Author: David Beeshaw
David Beeshaw is a health blogger who dedicated his time and efforts to help people dealing with HIV and STIs. A part of the team at raTrust, David often writes about psychological problems and stigma those at risk of STIs face and deal with.
Drug addicts often don’t want to admit that they have a problem. Until they do that, they cannot enter treatment or successfully overcome their addiction.
In most cases, addicts' denial is covered by a multitude of excuses, which you will need to destroy if you want to get through to them. Here are some of the most popular excuses you will hear from drug addicts in denial, together with some ideas on how to overcome them.
1. I’m only hurting myself
This is a form of self-sabotage, and it’s also a lie. Addicts will say that their behaviour only affects themselves, and if you are a member of their family or a loved one, you will know it’s not true. Addicts can hurt everyone that cares about them, and if their behaviour descends to the level of crime, they will be hurting others too. Explain how much you have been hurt by their actions so far to counter this excuse.
2. I can quit any time
This is such a common excuse that it has become a punchline. Make a challenge: if that’s true, ask them to quit for just one week to prove it. Their failure to do so will be something you can use next time they say this – and if they succeed, then they may end up going clean long-term.
3. I’m under a lot of stress
Addictive behaviour can often be triggered, or worsened, by traumatic or stressful events. However, due to the nature of addiction, it’s not likely that things will ever get better while they are using. Explain to them that there are other, healthier ways to deal with stress, and that you are willing to try those methods out with them.

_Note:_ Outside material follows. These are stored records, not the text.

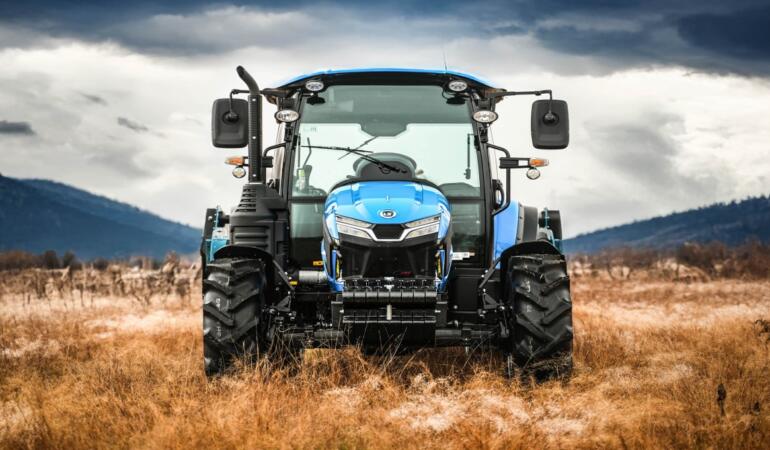 Yanmar Türkiye, Konya Tarım Fuarı’nda Yeni Nesil Traktörleriyle Sahada!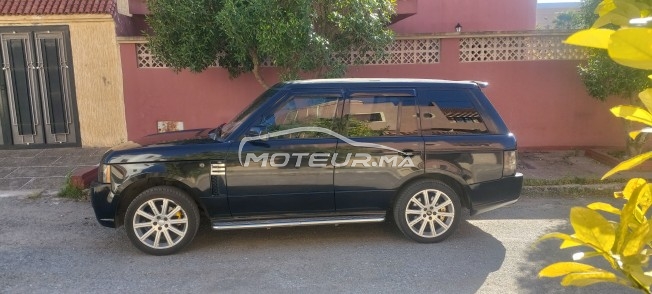 LAND-ROVER Range rover vogue occasion 1140522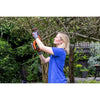 BLACK & DECKER Sierra de sable inalámbrica BDCR18N - Hoja de 15 cm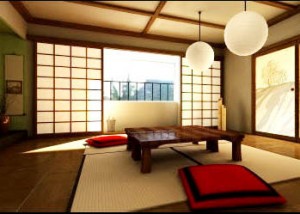 Zen Living Room Decorating Ideas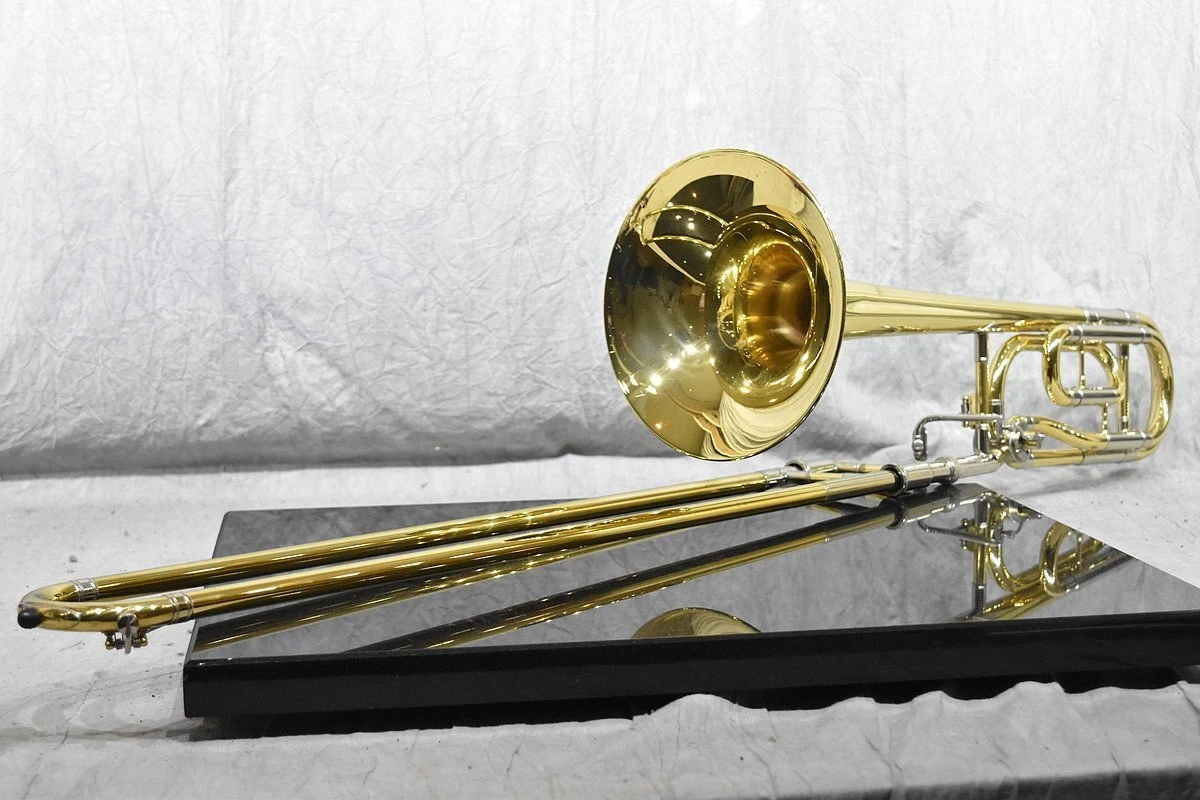 Yamaha f attachment trombone deals
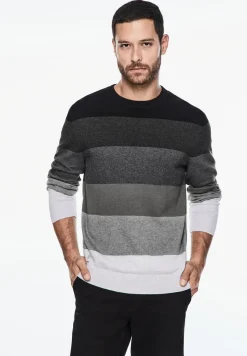 Pull en maille fine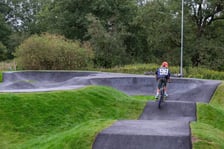 <p>Pumptrack przy Jajczarskiej</p>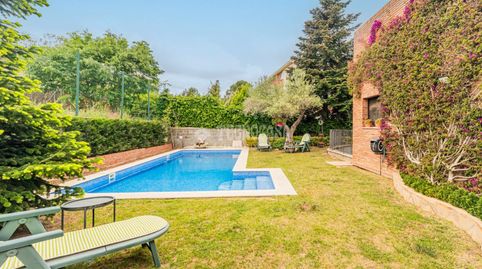 Foto 3 de Casa o chalet en venta en Valldoreix, Sant Cugat del Vallès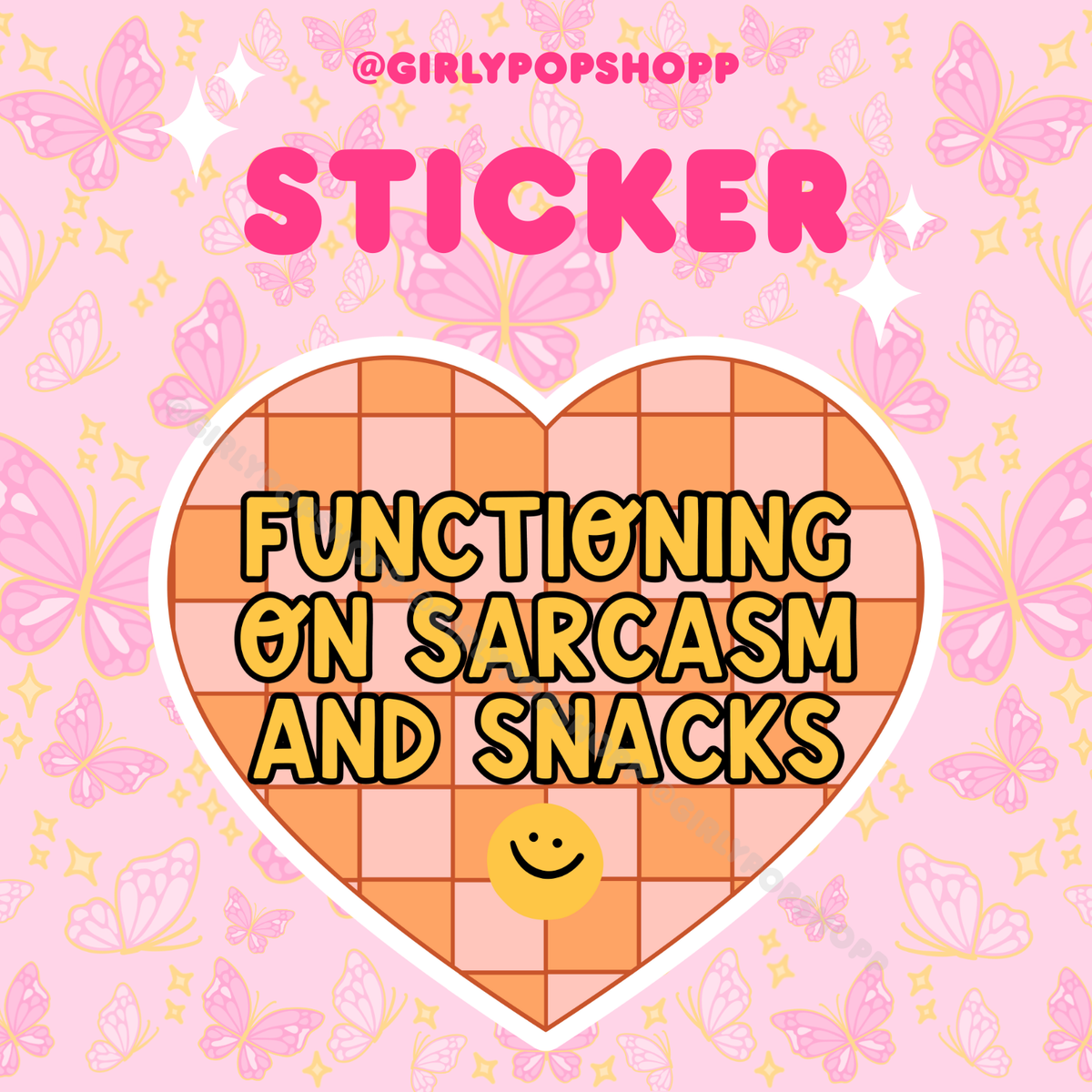 Funny 1 Stickers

4. It’s a social/evening thing
You can’t be addicted if you only use at night or in social situations, right? Wrong. Addictive behaviour can form even within strict parameters, until the addict feels that they can’t get through an evening or a party without using. Just because they aren’t using during the day or alone, doesn’t mean that they aren’t addicted. To help your addict, try asking them to stay with you during evenings instead of going to wild parties where they are bound to take again. You may even decide to go to the parties with them to keep an eye on them.
5. Other people are worse
An addict may often say that a friend or family member is more addicted than they are. For example, an alcoholic may claim that they know someone who drinks twice as much as they do. Not only are tolerances different for everyone, but no one should measure themselves against someone else. It’s about what is harmful for them, and when their behaviour has crossed a line.
6. I’m still doing great
An addict may be functioning well enough to still succeed at work or at school. They may be a fantastic parent or a great partner. The fact of the matter is that addiction is a slippery slope, and things are likely to go wrong someday. Even if they don’t lose that functionality, almost all addictions can cause death, arrest, or other huge consequences down the line. Ask them to stop now, before they spiral out of control and lose their job, get kicked out of school, or hurt the ones they love.
7. You’re no saint yourself!
When you approach an addict, they may go on the offensive. They may accuse you of bad behaviour in the past, or even say that you are the source of their bad behaviour. As such, you have no right to judge them and tell them what they should and shouldn't do. If this happens, calmly explain that you are not there to judge but only to provide help. There’s no point in engaging in this contest with an addict – deciding which of you is the worst won’t help anything. They need to get help, and if you do, then you will too.
Dealing with an addict is very difficult, and they may not always listen to reason. Having your responses prepared may help a lot when staging an intervention, however.